There are many other aspects to sustainability beyond the sellability-focused transition from one owner to the next.   The last few decades have raised sustainability, also known as corporate social responsibility, to a legitimate concentration of management.   That focus has proven to be beneficial to businesses that concentrate on building a culture with a focus on societal, environmental, and business issues.   Recently, a Harvard Business School paper from Robert G. Eccles, Ioannis Ioannou, and George Serafeim titled  “The Impact of a Corporate Culture of Sustainability on Corporate Behavior and Performance” looked at the culture and performance of companies that voluntarily adopted environmental and social policies many years ago and compared those to companies that had not.  The report states that sustainable firms outperform traditional firms in terms of both stock market and accounting performance.   These companies are more likely to have positive stakeholder engagements, have more of a long-term outlook, and demonstrate more measurement and disclosure of non-financial information.

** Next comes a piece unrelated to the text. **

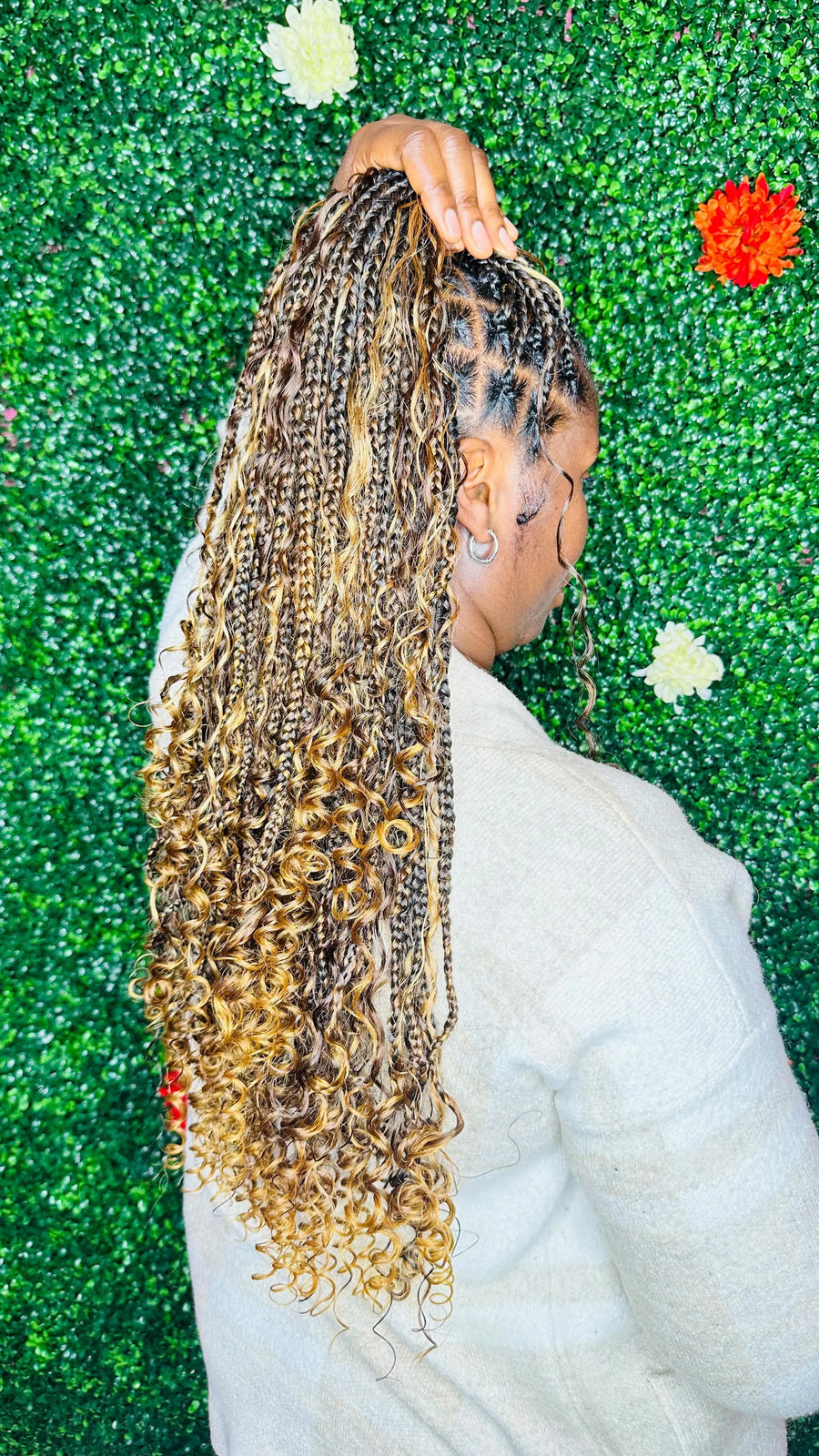 Person with braided hair against a textured green wall with flowers.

The reports finds that this outperformance is stronger in sectors that are more business-to-consumer (B2C) than business-to-business (B2B), in markets where companies compete on the basis of brand and reputation, and where products depend upon large amounts of natural resources.  The evidence is clear that a business that focuses on long-term sustainability is better off.

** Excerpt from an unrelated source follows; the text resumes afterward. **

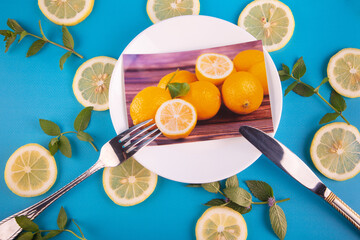 Fresh yellow lemon slices and green mint leaves on blue background around of plate with printed photo, fork, knife. Flat lay, top view. Citrus fruits concept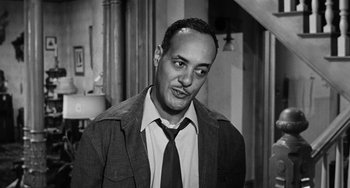 Movie still from “Anna Lucasta” (1958), directed by Arnold Laven – A black and white photo of a man in a suit and tie; Close Up shot, Low angle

Here are four sustainability-oriented lessons small business owners can learn from this report:

  1. Long-term planning is important.  Knowing where you want to be in 10 years isn’t just a nice thing to talk about.  It is essential to managing a business you can transition to someone else and will be sustainable for them.
  2. Business reputation is essential.  The trust a business owner builds in their business is often tied to past performance.  But customers also want the confidence that your business will be there in the future.  Concentrate on building the reputation of the business, not just the reputation of the owner, and you’ll build a more sustainable business.
  3. Stakeholder engagement pays dividends.  Customers, supply chain members, and staff all have a role in building sustainability. The relationship they have with the business will help new owners move forward with less risk.
  4. Businesses that concentrate on sustainability are worth more. Higher financial performance may allow the business to increase profitability and therefore the value of the business.

Sellable businesses are those that are attractive and can be continued by new owners.  The failure to address the sustainability element of sellability may reduce the attractiveness of your business and your ability to transition to new owners.

As a business owner where does sustainability fit into your long-term planning?